|
|
|
|
|
by x1798DE
4394 days ago
|
|
Well, he's saying that he has a sample of 40k hackers' passwords stored up somewhere, and between them there are 2000 unique strings, ~1200 of which were in plain text and didn't need to be cracked at all. So if this sample of 40k hacker passwords is a random sampling, then essentially he has a random unbiased sample of 1200 unique passwords, plus a biased set of 300 more. He's not super clear about where the 40k passwords came from, so they may be a random sample, but it's quite possible that it's just a sampling of bad hackers - he mentions that he has gathered many examples of bots and shells and such, so you can imagine that he's looking at a sampling of 1. hackers whose bots store their passwords in such a way that he can reverse-engineer where they are stored and 2. hackers who store their passwords in plain-text. That said, if he has 40,000 passwords that boil down to 2000 unique strings, of which only ~400-500 are either good passwords stored in plaintext or not easily crackable, then that means about 35,000 out of the 40,000 passwords he captured were easily guessable (I'm assuming here that there were no duplicates in the "good" password set), which is about 87.5% of his sample. |
|
Yes, that's basically my point. The set of hackers who use strong passwords and the set of hackers who don't well-protect those passwords in their bots/viruses/whatever probably doesn't have a lot of overlap.
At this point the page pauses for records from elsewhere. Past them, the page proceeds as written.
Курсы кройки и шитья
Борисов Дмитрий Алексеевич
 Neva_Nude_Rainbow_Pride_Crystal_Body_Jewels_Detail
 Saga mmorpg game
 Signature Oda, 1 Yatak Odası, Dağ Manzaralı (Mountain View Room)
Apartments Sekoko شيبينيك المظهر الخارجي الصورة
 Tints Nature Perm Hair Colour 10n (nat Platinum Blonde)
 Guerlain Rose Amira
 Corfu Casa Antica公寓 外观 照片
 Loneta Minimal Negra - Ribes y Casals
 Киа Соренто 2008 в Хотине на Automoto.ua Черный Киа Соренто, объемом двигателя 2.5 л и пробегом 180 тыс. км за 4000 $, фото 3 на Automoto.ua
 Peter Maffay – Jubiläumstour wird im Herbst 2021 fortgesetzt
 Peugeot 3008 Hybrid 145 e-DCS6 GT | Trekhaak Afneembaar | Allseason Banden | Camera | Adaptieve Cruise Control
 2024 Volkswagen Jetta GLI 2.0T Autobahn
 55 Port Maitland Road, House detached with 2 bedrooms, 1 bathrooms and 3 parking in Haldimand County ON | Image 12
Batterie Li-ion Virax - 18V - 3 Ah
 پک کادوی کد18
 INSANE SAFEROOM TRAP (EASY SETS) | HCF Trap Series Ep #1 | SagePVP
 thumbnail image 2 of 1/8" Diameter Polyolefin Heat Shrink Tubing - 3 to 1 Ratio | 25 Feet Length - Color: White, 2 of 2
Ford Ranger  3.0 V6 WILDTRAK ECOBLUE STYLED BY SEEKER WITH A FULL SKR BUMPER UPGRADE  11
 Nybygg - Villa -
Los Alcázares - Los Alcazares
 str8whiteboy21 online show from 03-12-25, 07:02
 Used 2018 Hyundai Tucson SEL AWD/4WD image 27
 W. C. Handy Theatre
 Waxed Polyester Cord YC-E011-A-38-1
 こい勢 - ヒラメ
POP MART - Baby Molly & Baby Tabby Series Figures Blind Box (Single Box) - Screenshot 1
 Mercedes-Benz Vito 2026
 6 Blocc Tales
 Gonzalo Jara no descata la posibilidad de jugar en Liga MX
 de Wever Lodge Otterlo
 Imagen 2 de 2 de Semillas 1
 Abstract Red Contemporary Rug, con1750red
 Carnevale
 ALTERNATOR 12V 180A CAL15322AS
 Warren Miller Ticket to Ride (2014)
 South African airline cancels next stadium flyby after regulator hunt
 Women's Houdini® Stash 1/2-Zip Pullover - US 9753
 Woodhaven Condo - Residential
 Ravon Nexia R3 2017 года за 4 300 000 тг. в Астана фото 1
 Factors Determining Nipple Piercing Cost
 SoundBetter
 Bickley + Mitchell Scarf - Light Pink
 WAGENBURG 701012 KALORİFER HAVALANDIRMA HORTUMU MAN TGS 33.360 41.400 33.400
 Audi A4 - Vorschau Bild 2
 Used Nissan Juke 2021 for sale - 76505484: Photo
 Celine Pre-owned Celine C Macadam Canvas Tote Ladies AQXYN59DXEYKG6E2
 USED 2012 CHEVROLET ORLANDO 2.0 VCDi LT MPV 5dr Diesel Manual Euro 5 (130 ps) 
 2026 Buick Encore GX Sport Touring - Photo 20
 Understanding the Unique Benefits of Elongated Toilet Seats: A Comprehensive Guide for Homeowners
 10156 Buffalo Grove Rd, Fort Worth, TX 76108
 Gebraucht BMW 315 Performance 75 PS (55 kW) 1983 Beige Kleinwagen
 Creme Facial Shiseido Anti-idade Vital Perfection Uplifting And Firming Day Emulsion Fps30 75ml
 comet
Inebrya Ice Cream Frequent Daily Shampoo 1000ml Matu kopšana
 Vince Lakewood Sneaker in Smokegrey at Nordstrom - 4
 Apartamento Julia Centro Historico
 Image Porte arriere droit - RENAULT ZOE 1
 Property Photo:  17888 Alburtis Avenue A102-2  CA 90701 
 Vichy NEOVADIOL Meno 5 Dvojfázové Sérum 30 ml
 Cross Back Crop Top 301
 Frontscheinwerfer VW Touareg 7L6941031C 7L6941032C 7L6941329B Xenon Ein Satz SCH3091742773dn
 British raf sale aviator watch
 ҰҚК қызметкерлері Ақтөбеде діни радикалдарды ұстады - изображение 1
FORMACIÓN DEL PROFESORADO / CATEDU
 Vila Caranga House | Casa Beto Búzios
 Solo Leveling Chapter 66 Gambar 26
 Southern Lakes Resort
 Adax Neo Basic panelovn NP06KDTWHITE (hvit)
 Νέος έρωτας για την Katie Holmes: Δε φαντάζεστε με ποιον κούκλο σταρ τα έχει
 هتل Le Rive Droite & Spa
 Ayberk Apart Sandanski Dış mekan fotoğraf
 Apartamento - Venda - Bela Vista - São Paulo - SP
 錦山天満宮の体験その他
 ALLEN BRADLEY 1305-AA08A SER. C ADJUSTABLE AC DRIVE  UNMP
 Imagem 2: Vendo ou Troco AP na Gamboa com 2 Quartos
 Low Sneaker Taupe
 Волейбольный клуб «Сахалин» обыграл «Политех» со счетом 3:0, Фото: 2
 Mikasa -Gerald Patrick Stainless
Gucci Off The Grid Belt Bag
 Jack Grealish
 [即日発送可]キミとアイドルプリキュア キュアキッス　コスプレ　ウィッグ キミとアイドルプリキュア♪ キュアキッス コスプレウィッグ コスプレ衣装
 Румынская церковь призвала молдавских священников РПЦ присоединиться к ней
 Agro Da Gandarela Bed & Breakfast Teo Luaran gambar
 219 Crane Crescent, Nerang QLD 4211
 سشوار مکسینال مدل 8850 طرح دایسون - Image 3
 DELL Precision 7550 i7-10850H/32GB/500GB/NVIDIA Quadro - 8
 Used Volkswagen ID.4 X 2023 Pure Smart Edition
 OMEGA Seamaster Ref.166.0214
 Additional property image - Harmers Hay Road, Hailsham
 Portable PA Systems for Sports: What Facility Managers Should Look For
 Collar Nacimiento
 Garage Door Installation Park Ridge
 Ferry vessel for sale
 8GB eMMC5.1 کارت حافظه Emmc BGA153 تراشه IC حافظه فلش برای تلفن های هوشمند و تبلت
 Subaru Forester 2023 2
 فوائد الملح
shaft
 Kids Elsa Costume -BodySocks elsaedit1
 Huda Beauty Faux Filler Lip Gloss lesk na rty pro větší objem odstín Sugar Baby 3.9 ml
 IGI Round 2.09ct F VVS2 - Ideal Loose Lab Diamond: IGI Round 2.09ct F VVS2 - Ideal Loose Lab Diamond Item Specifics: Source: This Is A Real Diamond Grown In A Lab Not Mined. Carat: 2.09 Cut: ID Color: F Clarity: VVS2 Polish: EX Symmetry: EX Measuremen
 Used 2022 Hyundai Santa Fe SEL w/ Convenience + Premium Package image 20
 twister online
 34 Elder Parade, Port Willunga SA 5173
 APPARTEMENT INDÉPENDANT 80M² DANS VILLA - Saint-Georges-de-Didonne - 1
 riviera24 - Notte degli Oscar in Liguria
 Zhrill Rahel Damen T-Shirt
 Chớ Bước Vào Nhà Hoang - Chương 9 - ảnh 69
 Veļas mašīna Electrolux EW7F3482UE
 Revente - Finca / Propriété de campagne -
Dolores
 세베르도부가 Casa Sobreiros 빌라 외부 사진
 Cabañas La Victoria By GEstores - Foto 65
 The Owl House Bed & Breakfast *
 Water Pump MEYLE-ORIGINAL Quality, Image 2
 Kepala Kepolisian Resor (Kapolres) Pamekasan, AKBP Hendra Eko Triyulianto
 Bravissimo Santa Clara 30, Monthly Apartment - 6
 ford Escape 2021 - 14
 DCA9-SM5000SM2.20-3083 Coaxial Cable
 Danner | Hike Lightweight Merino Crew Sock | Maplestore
Also, it sounds like he couldn't crack (and thus couldn't include in the sample) some of the hashed passwords. Passwords that he can't crack or brute-force reasonably are probably strong passwords. Not having those passwords biases the sample - it's like doing a standardized test when all the honors classes are on a field trip, by removing the top-end you downward-bias the sample and make the overall sample look worse.